→ **Exercise brief**
Reproduce the listing below exactly, except for its pictures.

→ **Material provided**
★ ★ ★ ★ ★ ★ ★

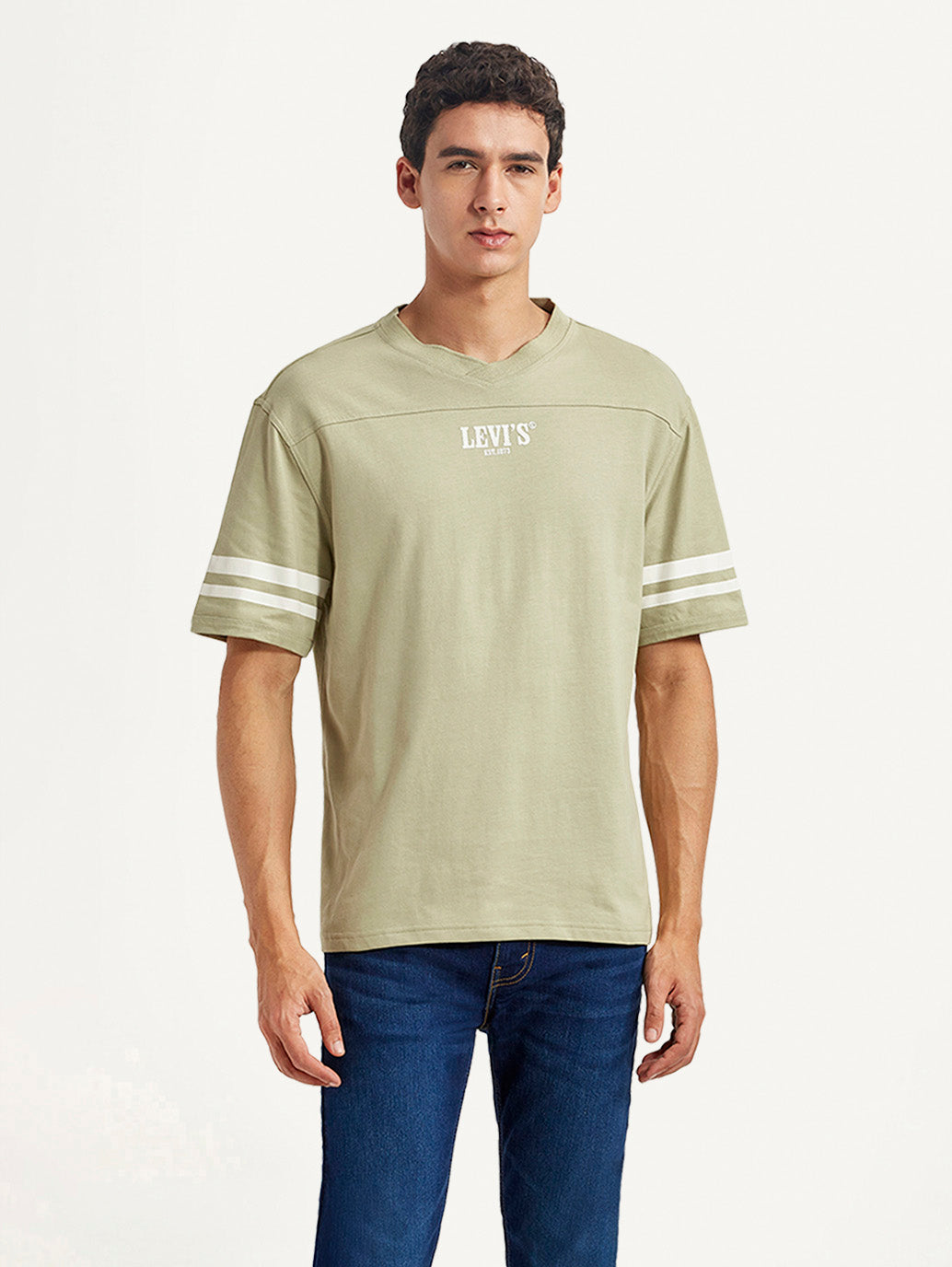 Men's Graphic Print Light Green Loose Fit T-shirt - Front View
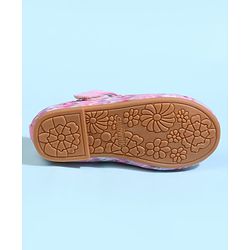 Cute Walk by Babyhug Velcro Closure Printed Ballerina With Bow Applique - Purple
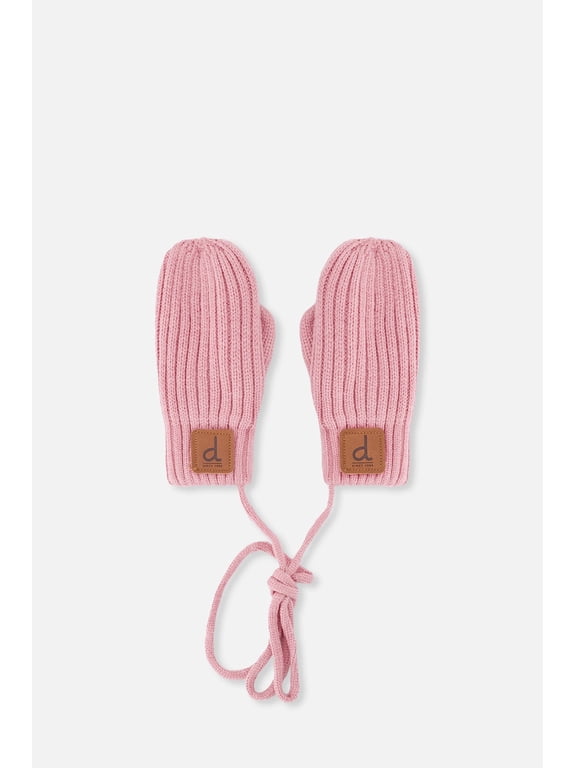 Baby Boy Baby Knit Mittens With String Pale Dusty Pink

★ ★ ★ ★ ★ ★ ★

→ **Response to the task**
 Men's Graphic Print Light Green Loose Fit T-shirt - Front View
 Cute Walk by Babyhug Velcro Closure Printed Ballerina With Bow Applique - Purple
 Baby Boy Baby Knit Mittens With String Pale Dusty Pink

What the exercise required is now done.